What is required: Please output only the lines that begin at the line with "Etxeratek protesta egin" and run through the end of the entries below, exactly as written. Drop all pictures.

Records for the exercise:
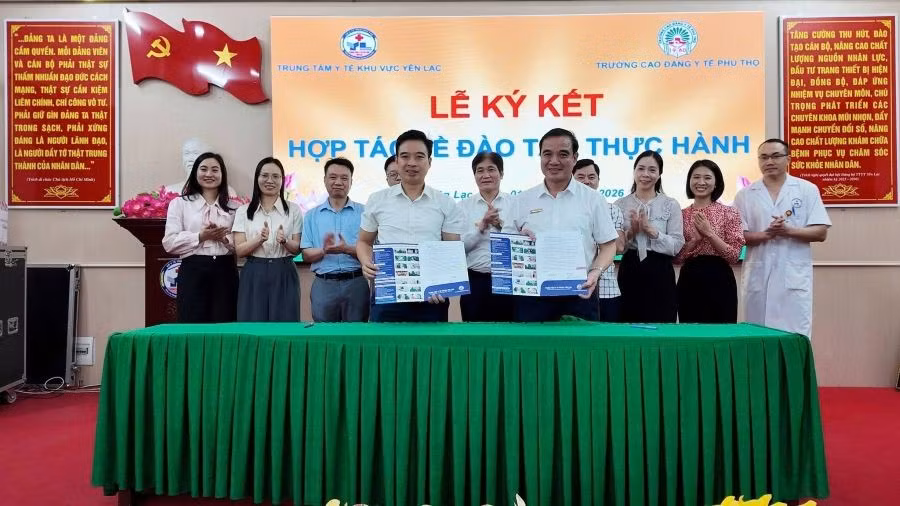 Trường Cao đẳng Y tế Phú Thọ và Trung tâm Y tế khu vực Yên Lạc ký kết hợp đồng hợp tác đào tạo, thực hành. 657956019-953600300652895-377491767282839139-n.jpg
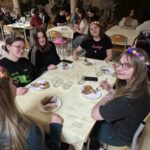 Uczennice podczas Dnia Kobiet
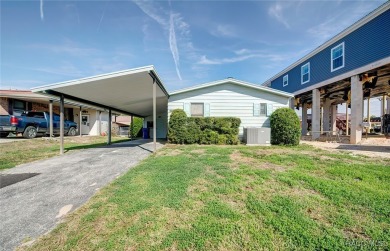 Beach Home Sale Pending in Homosassa, Florida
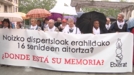 Etxeratek protesta egin du Memoriaren Etxearen atarian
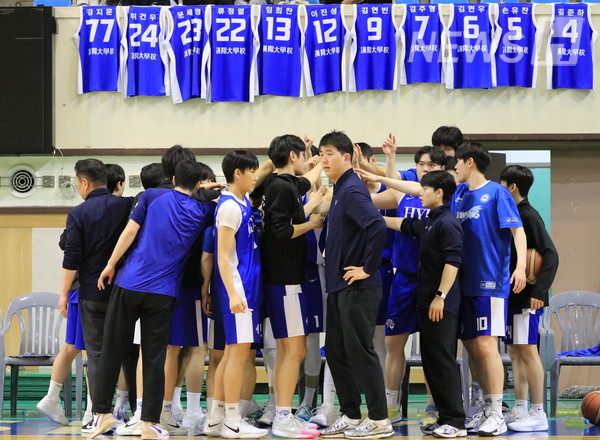▲ 한양대 농구부가 함께 결의를 다지고 있다.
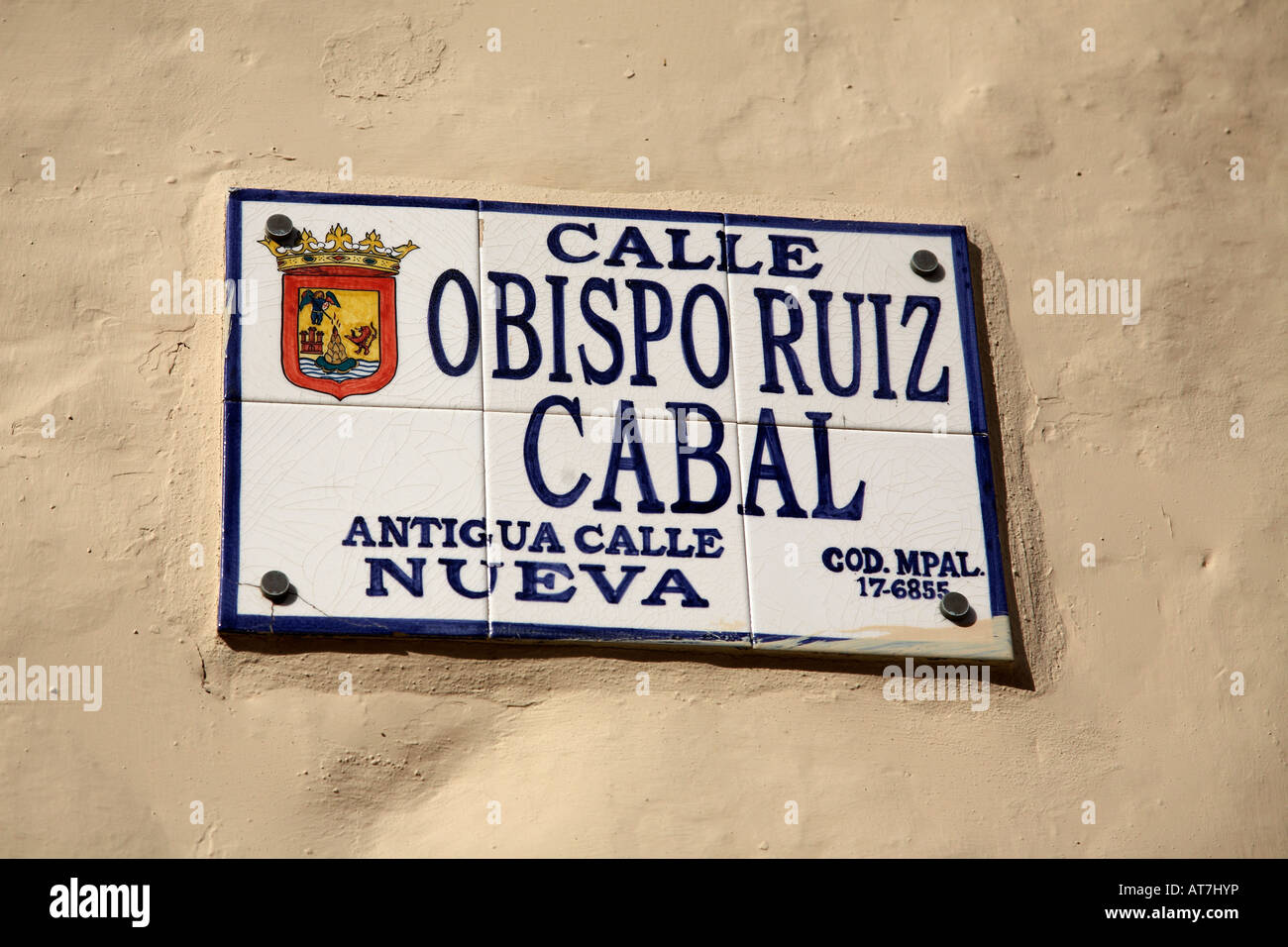 Tuile traditionnelle pour plaque de rue Calle Obispo ruiz cabal dans la vieille ville de la laguna tenerife espagne Banque D'Images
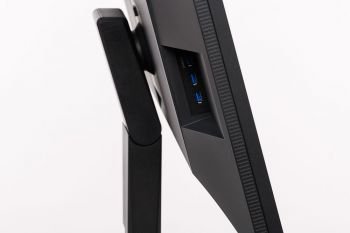 USB-3.0-Downstream-Ports: Noch gut zu erreichen im seitlichen Erker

Task result:
 Etxeratek protesta egin du Memoriaren Etxearen atarian
▲ 한양대 농구부가 함께 결의를 다지고 있다.
 Tuile traditionnelle pour plaque de rue Calle Obispo ruiz cabal dans la vieille ville de la laguna tenerife espagne Banque D'Images
 USB-3.0-Downstream-Ports: Noch gut zu erreichen im seitlichen Erker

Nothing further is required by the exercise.